ROMA. – Incentivi dimezzati e nuovi posti di lavoro dimezzati. E’ la fotografia del 2016 che scatta l’Inps nel consueto Osservatorio sul precariato. Il segnale per il mercato del lavoro certo resta positivo, con un saldo però di appena 82mila contratti a tempo determinato in più, il 91% in meno rispetto ai 933mila del 2015. Il passo, insomma, è molto più lento dell’anno prima quando il Jobs Act era appena entrato in vigore e, soprattutto, era sostenuto dall’azzeramento dei contributi per i nuovi posti stabili.

Il governo comunque difende la bontà del Jobs Act che ha portato, sottolinea Giuliano Poletti, a creare “poco più di un milione” di nuovi posti stabili in due anni. Il rallentamento del 2016, per il ministro del Lavoro, era “prevedibile” ma guardando al risultato complessivo, che per il premier Paolo Gentiloni è “contraddittorio” ma “fondamentalmente positivo”, quella imboccata con la riforma resta “la strada giusta”.

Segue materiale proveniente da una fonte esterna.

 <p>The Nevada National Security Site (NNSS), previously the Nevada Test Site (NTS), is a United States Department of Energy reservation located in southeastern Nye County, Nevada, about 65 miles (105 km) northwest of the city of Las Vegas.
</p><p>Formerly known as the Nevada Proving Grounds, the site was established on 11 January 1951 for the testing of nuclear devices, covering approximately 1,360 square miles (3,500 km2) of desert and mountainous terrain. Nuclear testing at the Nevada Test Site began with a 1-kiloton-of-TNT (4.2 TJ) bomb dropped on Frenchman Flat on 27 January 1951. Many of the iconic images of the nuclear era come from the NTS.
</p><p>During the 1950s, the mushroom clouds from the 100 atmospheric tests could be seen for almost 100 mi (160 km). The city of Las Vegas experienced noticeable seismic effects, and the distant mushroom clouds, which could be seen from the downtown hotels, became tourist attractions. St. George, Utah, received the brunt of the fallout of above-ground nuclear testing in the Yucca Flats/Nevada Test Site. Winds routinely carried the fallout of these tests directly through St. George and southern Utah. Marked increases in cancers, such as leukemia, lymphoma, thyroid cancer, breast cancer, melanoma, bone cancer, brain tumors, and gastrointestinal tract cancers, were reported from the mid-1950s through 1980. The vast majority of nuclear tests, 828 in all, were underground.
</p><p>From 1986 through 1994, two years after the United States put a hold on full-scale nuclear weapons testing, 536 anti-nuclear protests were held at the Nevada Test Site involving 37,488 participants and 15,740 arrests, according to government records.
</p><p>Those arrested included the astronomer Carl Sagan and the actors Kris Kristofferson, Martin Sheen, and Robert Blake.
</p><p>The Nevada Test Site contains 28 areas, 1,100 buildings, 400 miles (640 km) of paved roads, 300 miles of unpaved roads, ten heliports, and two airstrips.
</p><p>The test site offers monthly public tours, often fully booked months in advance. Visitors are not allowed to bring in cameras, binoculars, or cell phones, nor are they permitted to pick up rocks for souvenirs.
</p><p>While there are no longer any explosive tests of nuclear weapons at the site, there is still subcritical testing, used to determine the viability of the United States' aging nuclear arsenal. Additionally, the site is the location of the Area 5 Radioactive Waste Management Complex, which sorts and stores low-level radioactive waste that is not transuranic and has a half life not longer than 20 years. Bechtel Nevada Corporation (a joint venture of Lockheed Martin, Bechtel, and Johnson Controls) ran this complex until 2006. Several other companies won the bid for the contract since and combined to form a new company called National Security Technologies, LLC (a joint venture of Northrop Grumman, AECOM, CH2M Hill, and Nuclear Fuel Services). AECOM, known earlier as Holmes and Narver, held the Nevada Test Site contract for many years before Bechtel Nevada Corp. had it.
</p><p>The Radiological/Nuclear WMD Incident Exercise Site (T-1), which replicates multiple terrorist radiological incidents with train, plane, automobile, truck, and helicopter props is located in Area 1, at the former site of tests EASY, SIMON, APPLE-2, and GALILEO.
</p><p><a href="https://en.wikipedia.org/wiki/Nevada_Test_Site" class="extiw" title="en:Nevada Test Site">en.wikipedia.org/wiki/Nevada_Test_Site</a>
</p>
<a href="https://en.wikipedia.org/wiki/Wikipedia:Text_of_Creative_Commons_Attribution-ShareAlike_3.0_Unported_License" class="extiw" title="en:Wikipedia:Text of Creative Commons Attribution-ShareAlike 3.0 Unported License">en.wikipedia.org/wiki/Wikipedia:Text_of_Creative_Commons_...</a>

Il 2016, secondo i dati Inps, ha fatto però registrare 340mila posti di lavoro in più, mentre nel 2015 erano stati 628mila, ma con un boom dei precari: il risultato, scrive l’istituto di previdenza “è imputabile prevalentemente al trend di crescita netta registrato dai contratti a tempo determinato, il cui saldo annualizzato, pari a +222.000, ha significativamente recuperato la contrazione registrata nel 2015 (-253.000), indotta dall’elevato numero di trasformazioni in contratti a tempo indeterminato”.

I contratti a termine sono aumentati dell’8 per cento mentre per i contratti in apprendistato si conferma il trend di crescita (56.000 unità, +31,0%). Il problema resta quindi la qualità dei posti di lavoro visto che i contratti a tempo indeterminato sono stati nel 2016 763.000 in meno del 2015, con un calo del 37,6%.

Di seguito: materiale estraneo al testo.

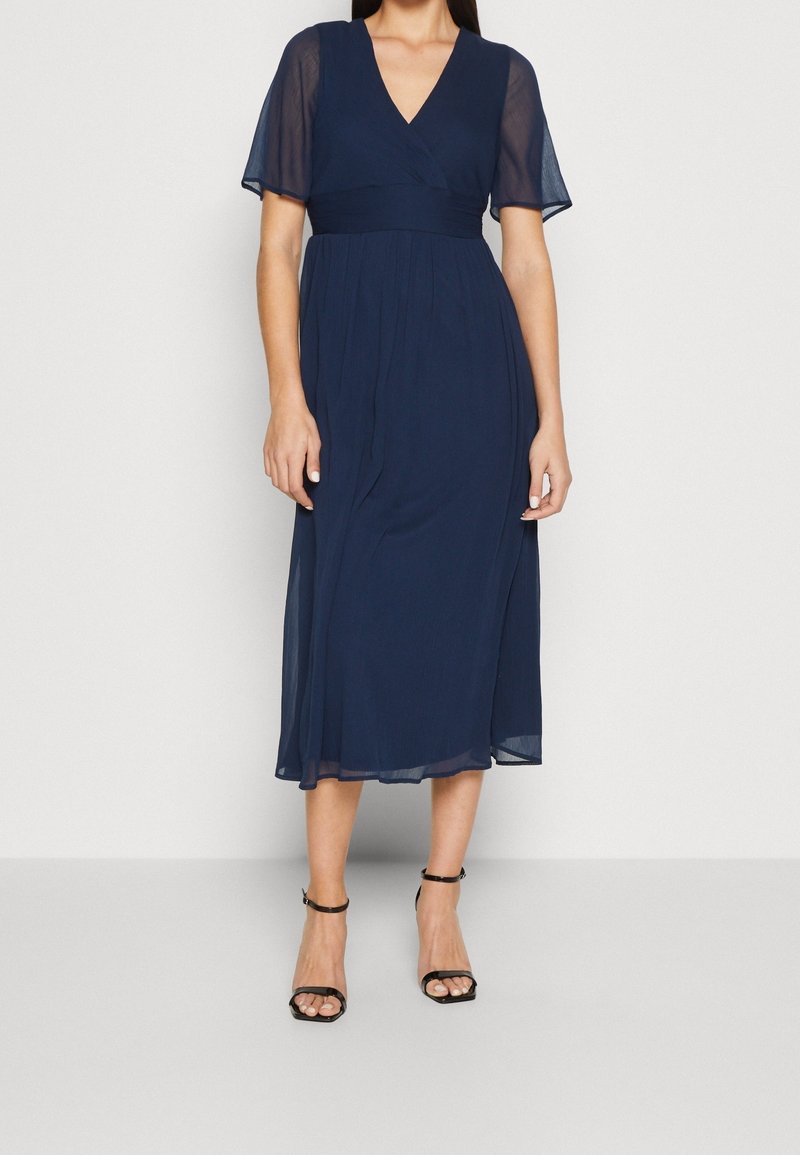 Mörkblå, midjekort klänning med korta, genomskinliga ärmar, en omlott V-ringning och en figursydd midja. Slät textur med flödande kjol.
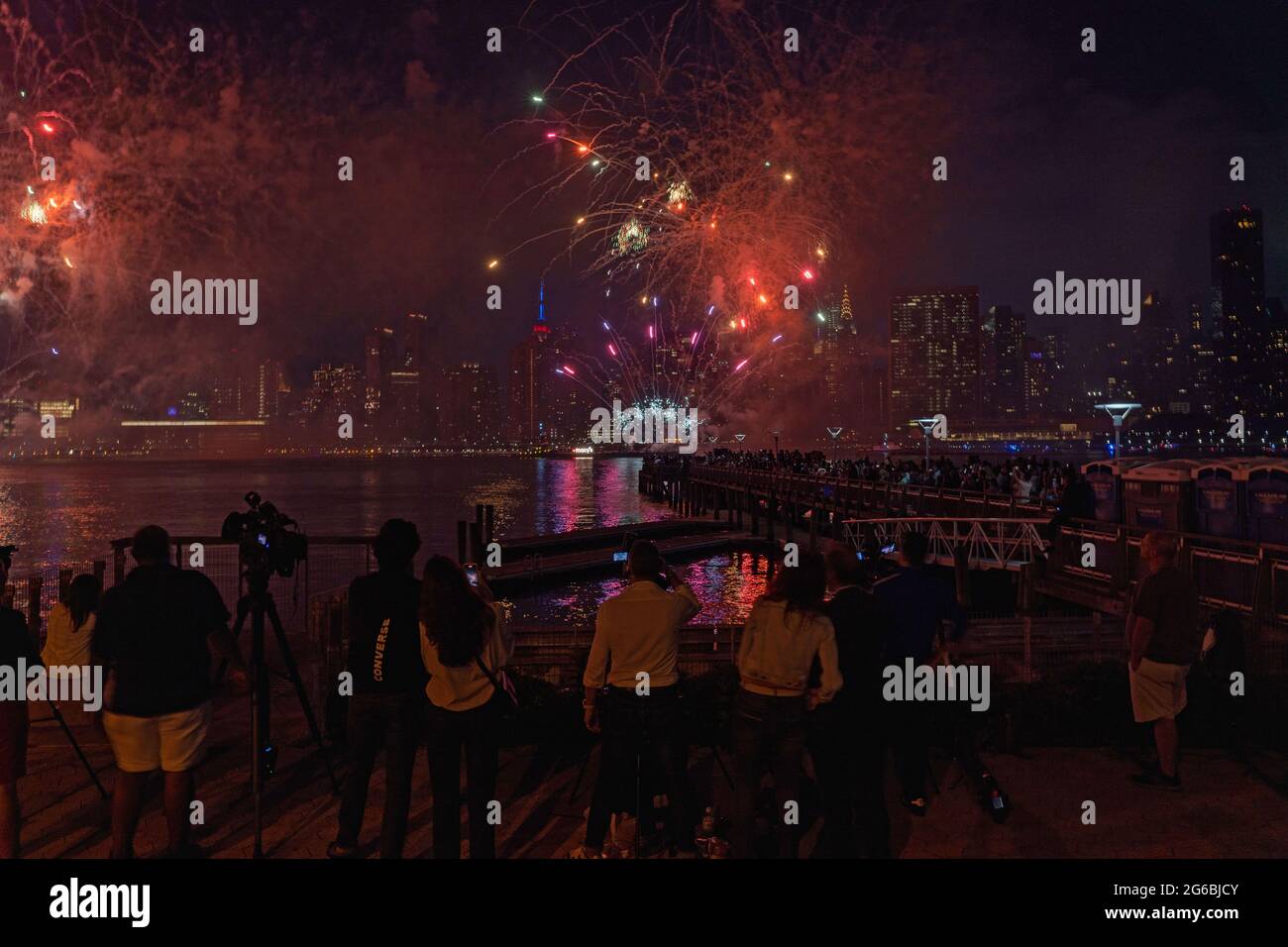 NEW YORK, NY - JULI 04: Zuschauer beobachten das Feuerwerk während der 45. Jährlichen Macy's Feuerwerksschau am 4. Juli 2021 mit Blick auf die Skyline von Manhattan am Gantry State Plaza in Long Island City im Stadtteil Queens von New York City. Als Beweis für die Verbesserung der Stadt gegenüber COVID-19 war die diesjährige Feier mit einer Laufzeit von 25 Minuten größer und länger als in den Vorjahren geplant. Aufgrund der Coronavirus-Pandemie des vergangenen Jahres wurde das Feuerwerk über vier Nächte und mehrere Bezirke verteilt, um Versammlungen zu begrenzen und die Ausbreitung zu verlangsamen. Kredit: Ron Adar/Alamy Stockfoto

Dato che la stessa Inps lega al “forte incremento registrato nel 2015, anno in cui si poteva beneficiare dell’abbattimento integrale dei contributi previdenziali a carico del datore di lavoro per tre anni”. Ma è guardando poi al saldo tra assunzioni e cessazioni che si evidenzia un vero e proprio tracollo, -91: Nell’intero 2016 sono stati stipulati infatti circa 1,72 milioni di contratti a tempo indeterminato, comprese le trasformazioni, a fronte di 1,64 milioni di cessazioni di rapporti stabili.

Va meglio, comunque, sul fronte caldo dei voucher, in sostanza stabilizzati dopo il boom dei mesi scorsi (8,9 milioni a gennaio, +3,9%), grazie anche ai paletti sulla tracciabilità introdotti a fine anno. E si riducono anche i licenziamenti “il cui numero complessivo – ha sottolineato ancora Poletti – è inferiore rispetto a quello registrato nel 2014, ovvero prima del varo della riforma del mercato del lavoro, al punto che il tasso di rischio di licenziamento è passato dal 6,5% del 2014 al 5,9% del 2016”. A gennaio l’Inps segnala anche un calo del 46% delle ore di cassa integrazione, con un’impennata però della Cig ordinaria (+174,7%) legata però al blocco registrato a gennaio dello scorso anno per l’entrata in vigore delle nuove norme sugli ammortizzatori sociali.

A dicembre, intanto, sono calate del 9,8% anche le domande di disoccupazione e mobilità. Inversa la lettura dei dati da parte di sindacati e opposizioni: se la Cgil vede un “quadro preoccupante” il Movimento 5 Stelle parla di “Waterloo” e di “miliardi sprecati con zero risultati”.